Calculate Risks
Guidance
This document presents the steps involved in analyzing risks:
Risk—the potential for loss, damage, or destruction of power system assets or other key resources resulting from exposure to a threat. Risk is evaluated as the product of the threat likelihood score and the vulnerability severity score.
1. Assess Risks
Not all threats directly influence each vulnerability. As such, the first step involves determining which threats and vulnerabilities are associated. The matrix shown in Figure 2 is one way to do this.
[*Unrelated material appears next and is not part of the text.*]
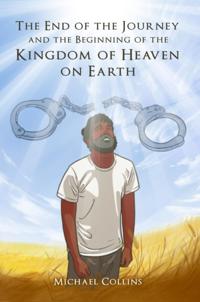 End of the Journey and the Beginning of the Kingdom of Heaven on Earth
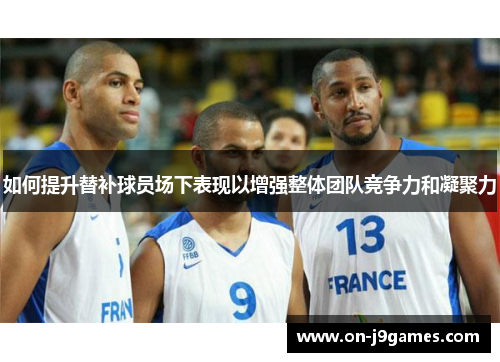 如何提升替补球员场下表现以增强整体团队竞争力和凝聚力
Training Materials: Risk Introduction
These slides are intended to provide additional background information on how to assess and evaluate risks to the power system.
2. Score Risks
There are many different methodologies for scoring risk. The method highlighted here is based on that developed by Anderson et al, 2018, and uses risk matrices to score and prioritize risks. Risk matrices show the relationships between threats and vulnerabilities. The severity score for each vulnerability is multiplied by the threat likelihood score to create a risk score for each specific threat-vulnerability combination. Risk scores are scaled from one to 100, with higher scores corresponding to higher risks. This requires assigning quantitative values to the qualitative thresholds previously presented in the threat and vulnerability sections of this guidebook. The risk is calculated as:
Risk score = Threat likelihood score X Vulnerability severity score
Developing a risk matrix provides a structure for combining scores in a meaningful way that enables analysis and ranking of the risks to prioritize mitigation actions. No risk score is assigned where threats are not associated with a vulnerability, and the matrix is blank at this intersection. The final risk score is shown in the matrix and used to prioritize the vulnerabilities (Figure 3).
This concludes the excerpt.